Ricapitoliamo: Walter Veltroni e il Partito Democratico hanno annunciato una “corsa” non appesantita dall’estrema Bertinottian-Dilibertian-Pecoraroscaniana. “Corriamo da soli” ha annunciato con orgoglio Veltroni, e immediatamente dopo il PD si è apparentato con l’Italia dei Valori di Antonio Di Pietro: personaggio e gruppo politico che, com’è noto, nella passata legislatura ha dato infinite prove di lealtà e solidarietà, fin dal primo giorno con Sergio Di Gregorio. La proposta di un analogo apparentamento coi radicali è stata rifiutata: siete un partito, vi riconosciamo questo status, è stato detto in estrema sintesi. E dunque: candidati nelle liste del PD sì, apparentamenti no. Riconosciuto che i radicali sono un partito, li si è subito rispettati con due pesantissime ingerenze: il NO a Marco Pannella, non si capisce bene perché colpevole di essere anziano o perché carico di troppe legislature alle spalle; e NO a Sergio D’Elia, il cui passato di terrorista è stato strumentalmente agitato. Nessuno ci aveva fatto caso quando grazie a lui e a pochi altri l’Italia e il governo Prodi avevano centrato l’obiettivo della moratoria delle esecuzioni capitali votata dall’assemblea generale dell’ONU. Il percorso politico e umano di D’Elia al contrario andrebbe valorizzato: il percorso di chi – dopo gravi errori che nessuno, D’Elia per primo vuole cancellare e dimenticare – sa emendarsi e viene recuperato a se stesso e alla società. Un elementare principio di civiltà giuridica di cui il PD ha voluto privarsi, impegnato com’è nell’inseguire il centro-destra nell’invocare pugni di ferro che hanno il sapore delle grida di manzoniana memoria.

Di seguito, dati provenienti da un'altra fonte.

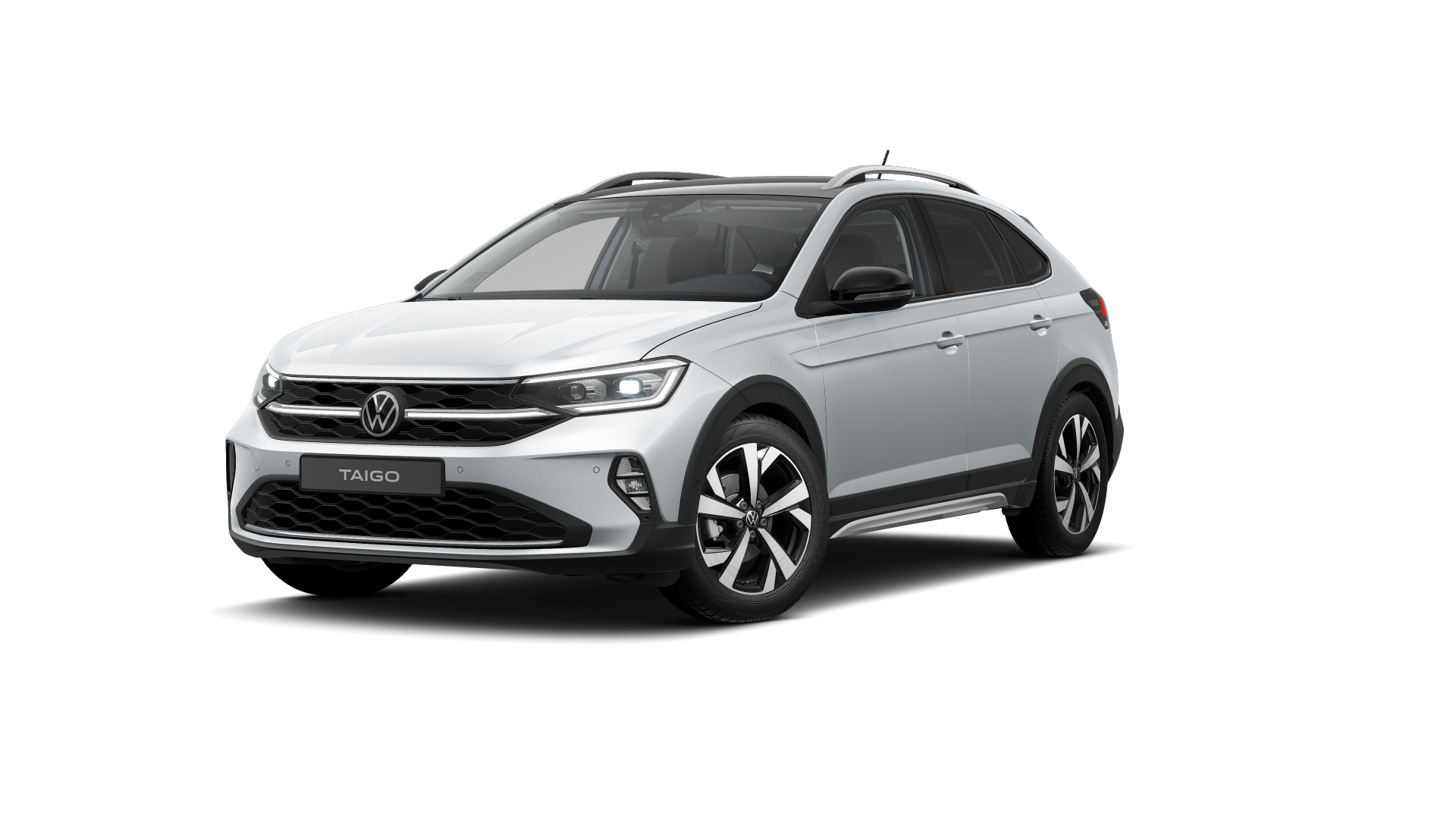 Volkswagen Taigo 1.5 TSI DSG Style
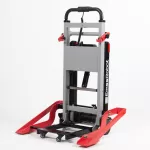 Elektrické koloběžky, elektrické tříkolky Pásový schodolez el-ko Strong III Elektrické koloběžky, elektrické tříkolky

Si è poi chiesta la firma di un programma che da una parte presenta vistose lacune, dall’altra è equiparabile a uno spumarino pallido e leggero, e anche questo è stato fatto. Si è assicurato e garantito che nove sarebbero stati i candidati radicali sicuramente eletti. I nove nomi sono stati fatti, e hanno dovuto passare – sempre in nome, beninteso, della riconosciuta autonomia – il vaglio e il consenso di Veltroni e del loft.
E ora ognuno di noi ha sotto gli occhi le liste del PD. Guardatele bene, guardate dove sono stati dislocati i radicali, fate un po’ di conti. E allora ecco perché vien da dire «unn’è cosa di spartiricci u pani ‘nzemmula». Vien da dire. Non è detto, naturalmente, che lo si dica. Ma dirlo o no, a questo punto, dipende da Veltroni e dal loft.